Reference no: EM132993174
Question - Part One - Shine Detergent (M) Sdn. Bhd. produces a special type of detergent for heavy industrial use in Malaysia. The following information was provided by the company for the Second Quarter of 2019:
Per unit: RM
Selling price 80
Production costs:
Direct materials 20.00
Direct labour 12.00
Variable factory overheads 4.00
Fixed selling costs per quarter 300,000
Fixed production costs per quarter 270,000
Actual details for the months are as follows:
April May June
Production in units 120,000 131,600 128,000
Sales in units 112,000 119,200 120,800
Additional information:
(i) The opening inventory on 1 April 2019 was 21,000 units.
(ii) All the fixed costs would be increased by 40% for the entire second quarter respectively.
(iii) Fees paid for sales brochure (variable administration cost) will increase 30% when total unit sales exceed target 110,000 units, and 40% when exceed target 115,000.

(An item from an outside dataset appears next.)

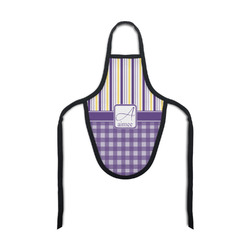 Purple Gingham & Stripe Bottle Apron (Personalized)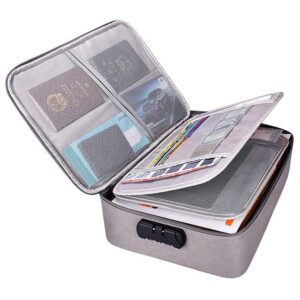 Handcuffs Travel File Organiser Multi Functional Waterproof 3 Layer Document Storage Bag with Lock for Passport Documents Files Certificates (Grey) (34cm x 25cm x 7cm)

(iv) The management will reward the sales staff with 10% of sales bonus when target 115,000 units is achieved.
(v) The administration costs and sales bonus will be calculated based on percentage of total sales values for each month.
Required - Construct an income statement for each of the three months ended 30 June 2019, using marginal costing method.
Part Two - The factory has the policy of giving out RM100 coupon to each of the workers every month. The management forecasts that the coupon amount will be increasing steadily by 15% every year as the production capacity continues to moderately increase over the next 3 years.
Required - Identify and describe the type of cost behavior of the coupon in both short term and long term with simple chart(s).